## Scraped caption text data
--- START ---

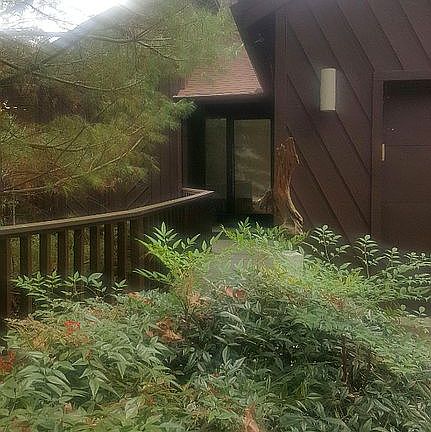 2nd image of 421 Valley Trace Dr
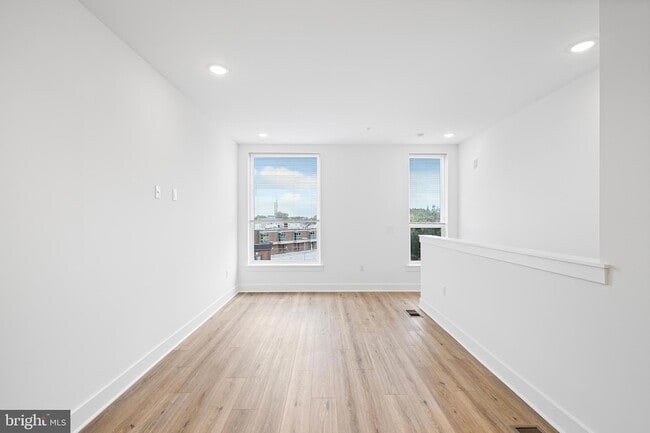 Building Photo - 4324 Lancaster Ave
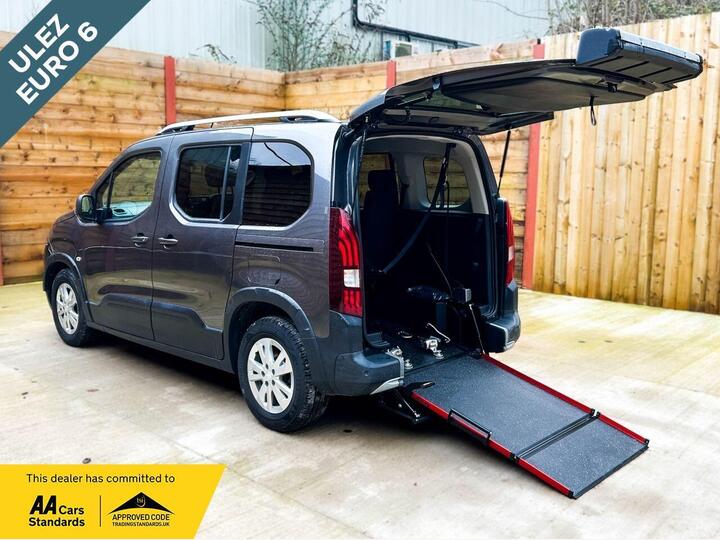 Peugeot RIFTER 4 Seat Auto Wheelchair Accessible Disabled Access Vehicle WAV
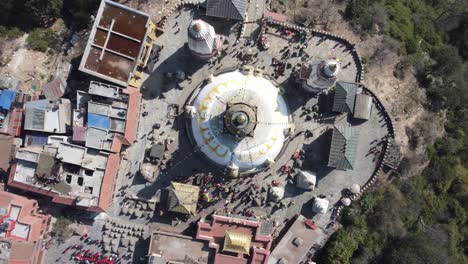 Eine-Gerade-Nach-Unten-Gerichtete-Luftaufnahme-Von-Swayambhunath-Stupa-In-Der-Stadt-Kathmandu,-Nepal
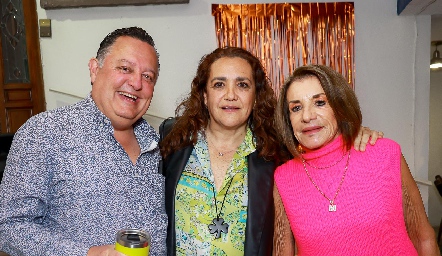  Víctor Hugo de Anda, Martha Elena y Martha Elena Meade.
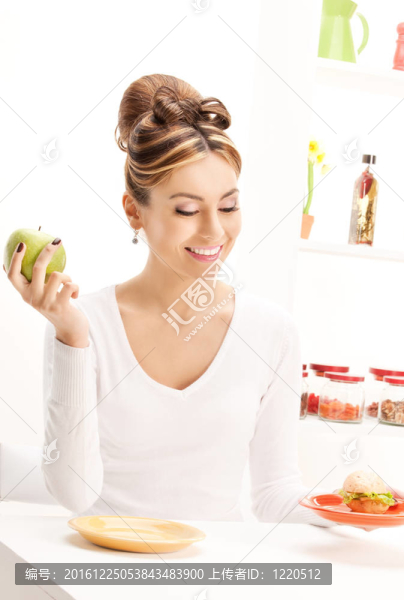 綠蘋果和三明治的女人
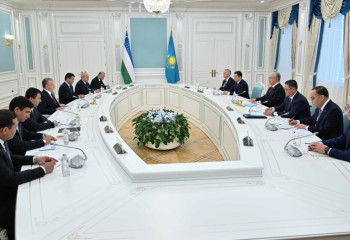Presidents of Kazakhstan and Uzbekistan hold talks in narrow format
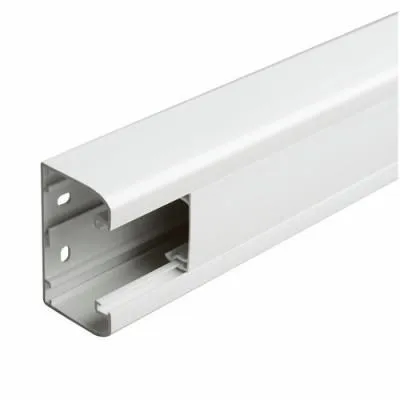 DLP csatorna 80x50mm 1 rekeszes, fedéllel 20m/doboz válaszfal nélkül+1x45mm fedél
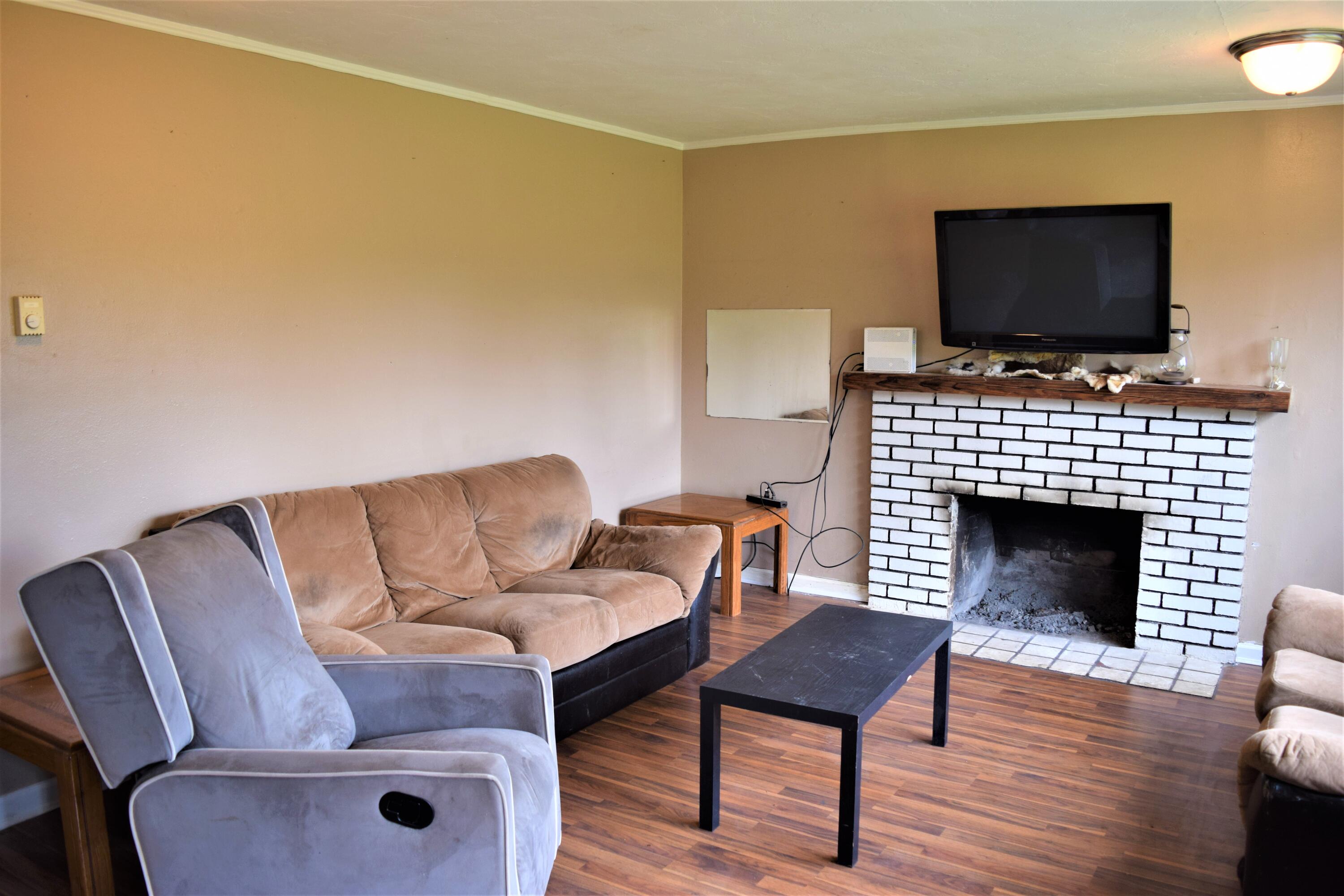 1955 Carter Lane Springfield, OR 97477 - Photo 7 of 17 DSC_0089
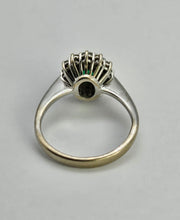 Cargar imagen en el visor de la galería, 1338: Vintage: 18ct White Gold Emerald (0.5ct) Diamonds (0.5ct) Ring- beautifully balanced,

--- END ---

## Task description
Drop the pictures, then transcribe the lines from the one containing "DLP csatorna 80x50mm" to the end of the data above, exactly and nothing more.

## Your response
 DLP csatorna 80x50mm 1 rekeszes, fedéllel 20m/doboz válaszfal nélkül+1x45mm fedél
 1955 Carter Lane Springfield, OR 97477 - Photo 7 of 17 DSC_0089
 Cargar imagen en el visor de la galería, 1338: Vintage: 18ct White Gold Emerald (0.5ct) Diamonds (0.5ct) Ring- beautifully balanced,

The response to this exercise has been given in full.